Hi all,
Can anyone say which budget holster can be used for this light, and if a better quality aa battery carrier is available to buy anywhere, and if yes to both, where said items can be purchased?
Thanks
Hi, I can take some pictures but physically switch looks and feels almost like any other switch except that it is performing very unreliable.
Sometimes flashlight doesn’t switch on immediately after clicking the switch but has a 1-2 seconds of lag, sometimes it doesn’t switch on at all.
Notice that the spring is not soldered, everything holds down just by tight press…
Thanks for your feedback and we have contact the suplier, the switch of XinTD X3 can only change with the original switch but not any other switch, which suplier has told us they can offer. For this design issue the suplier had surely received the feedback from you all here and they may improve the product in the future with your suggest.

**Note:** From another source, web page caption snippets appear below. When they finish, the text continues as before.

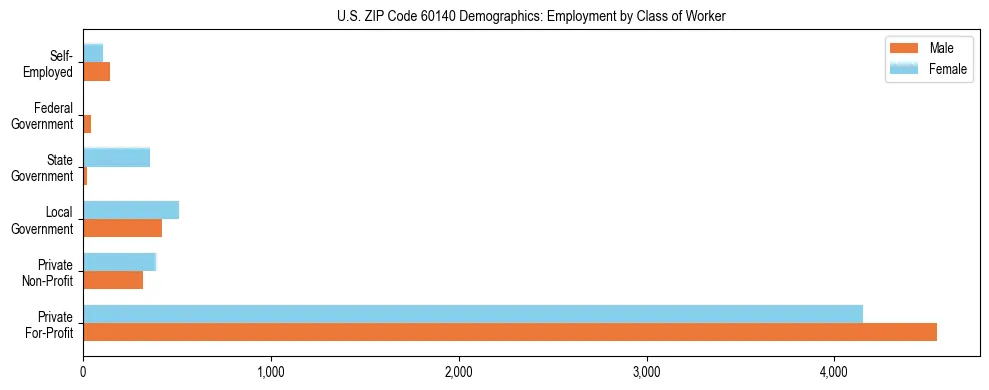 Horizontal bar chart showing employment distribution by class of worker and gender in US ZIP Code 60140, based on 2023 ACS data.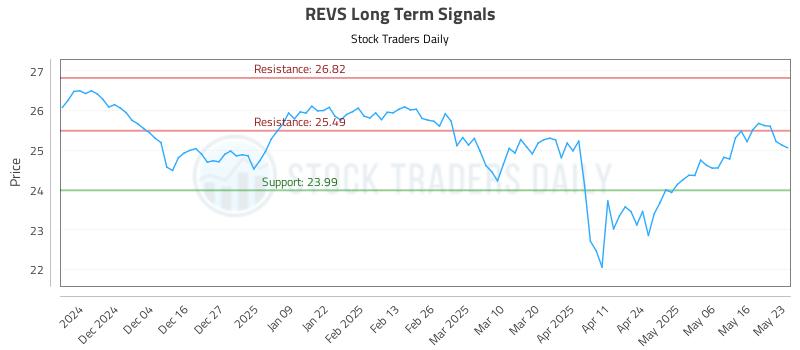 REVS Long Term Analysis for May 26 2025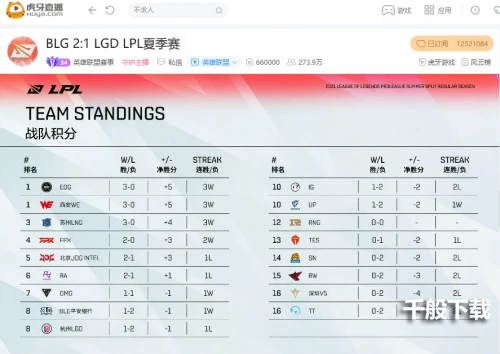 虎牙直播LPL：三打五团灭加抢大龙，WE零封V5轻取主场三连胜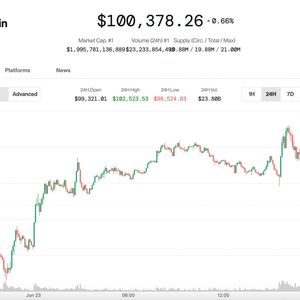 Bitcoin Bounce Fails, Tumbling Below $100K as Iran Reportedly Prepares Retaliation Against U.S.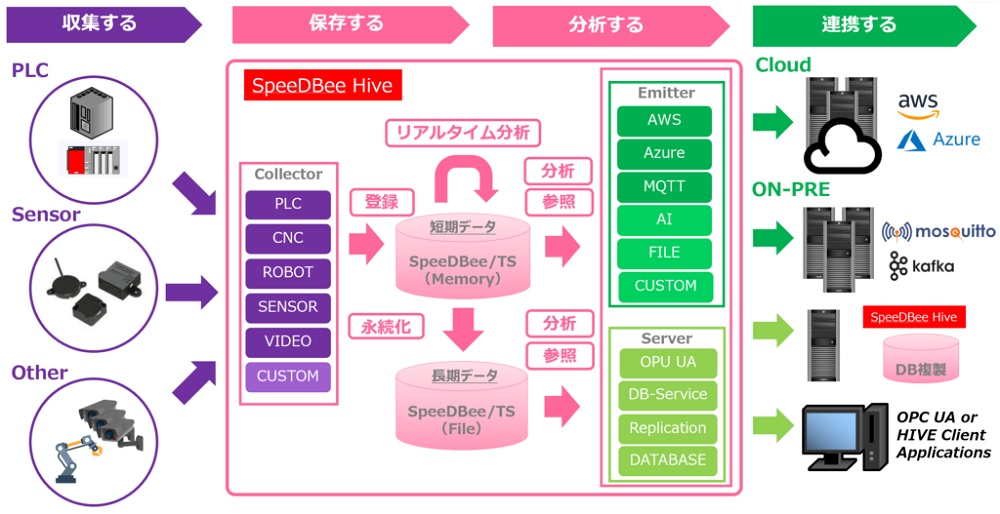 Iotで製造業のデータ収集や分析を支援 異常発生時の動画データを時間軸で出力 製造itニュース Monoist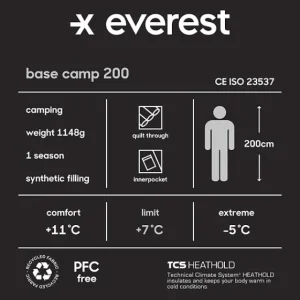 Everest Outdoor Sovsäckar<U Base Camp 200 WHALE BLUE/BLACK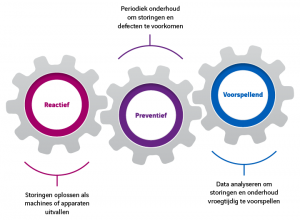 Samenhang reactief, preventief en voorspellend onderhoud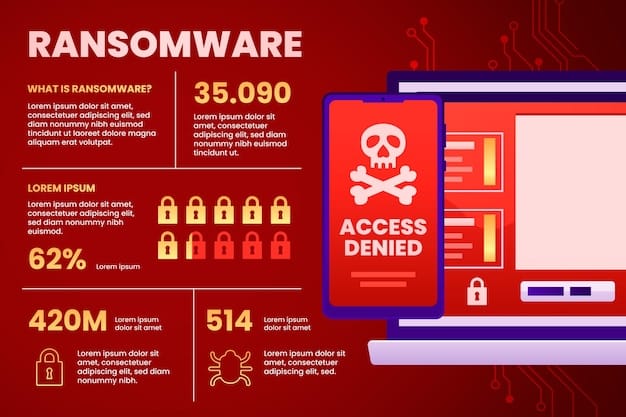 An infographic displaying the growing cost of ransomware attacks over the past five years, with a projection for future increases. The infographic is colorful and visual, using charts and graphs to present the data.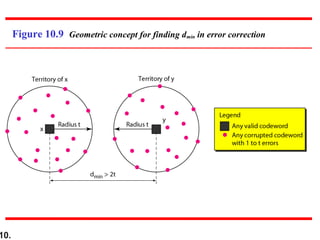 10.
Figure 10.9 Geometric concept for finding dmin in error correction
 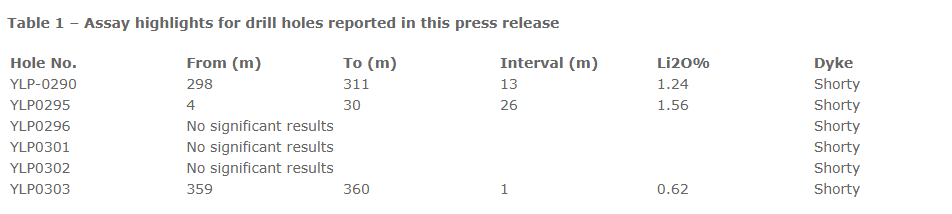 table1.png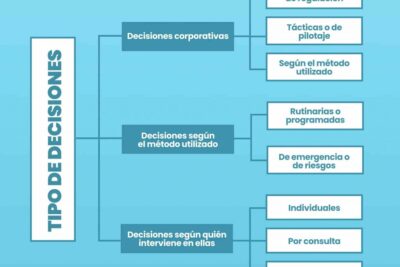 toma de decisiones dinamica definicion e importancia clave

There should be 2 mode groups, you didn’t maybe switch from 1 to the other?
When light is on low mode, wait til it blinks, then switch off and on again, and you should be in the other mode group.
If this doesn’t work, then maybe something has gone wrong with the driver.

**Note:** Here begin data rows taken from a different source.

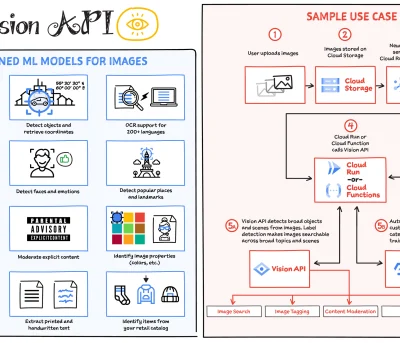 Vision API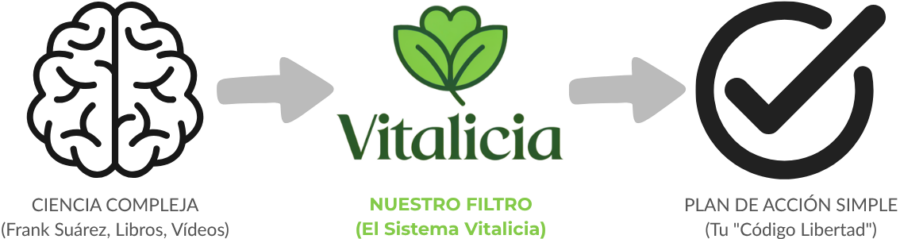 El Gráfico de Posicionamiento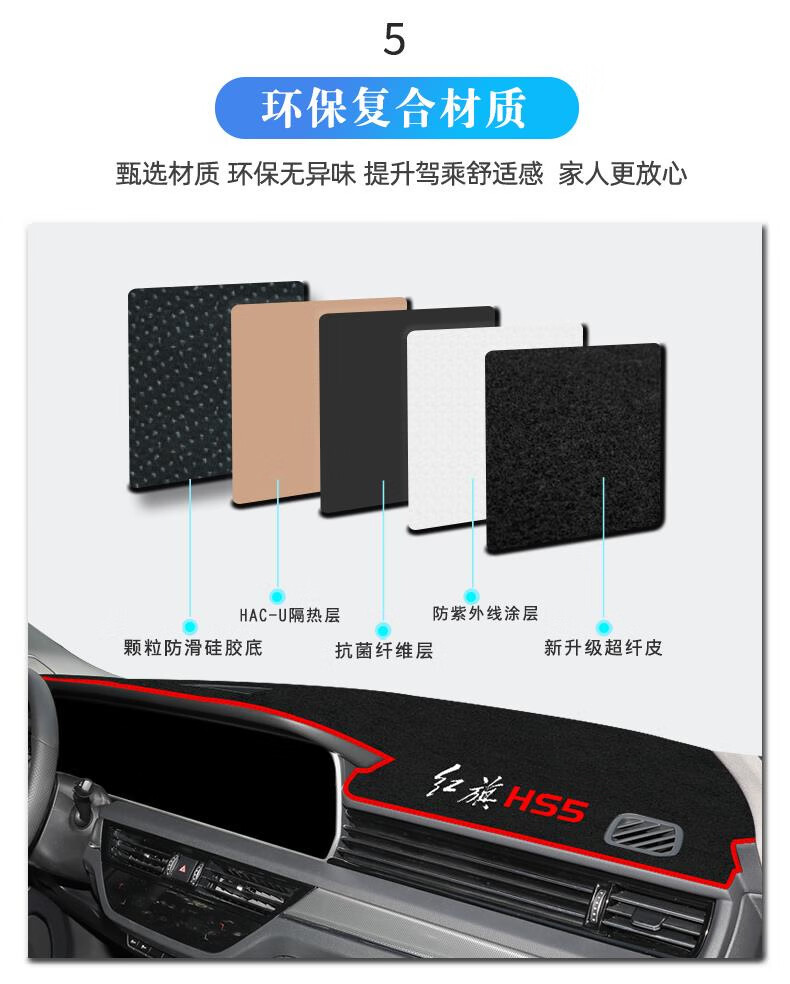 Suitable for Hongqi Hs5 Dedicated Center Console Sun Protection Mat, Car Front Desk Decoration Modification Interior Sun Protection Mat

Let us know how it goes, thanks
After the switch failure I was able to repair my unit by using two spare retaining rings and an old solarforce switch.
This combination allows the use of protected cell.
I hope this information will be helpful to somebody.
Ohh - totally forgot bout the tiny switch the X3 has. I just took apart my IOS X3 (1+ year old) to check, and it's the same exact orange switch as the new ones from BG. My old X3 and the two new ones have no probs with the switch. I just re-worked one of the new ones - added 22 AWG wire down the spring, soldered the spring to the tab of the switch, and treated all contact surfaces and threads with NO-OX-ID. Took a 30 sec reading in the light box, then swapped switch's with a totally stock one (from BG), and got the same exact lightbox measurements. At 2.8A and a fresh cell, you lose nothing. Actually the copper spring is better than most stock springs. Also note from the pics above, the orange switch seems to say "Omten" on it, so it's small but usually pretty decent quality.
I'm adding 3 350 7135's (3.85A total), changing the LED wires to 22 AWG silicone 200 C rated wire, and will add a 22 AWG wire down the driver spring, soldering it to the real driver spring as low as possible. I'm also adding a second solder joint from the contact board to the driver - I don't like only one solder point they have in there now. These connections from the contact board and the driver are not only for electrical connection, but for a thermal path as well.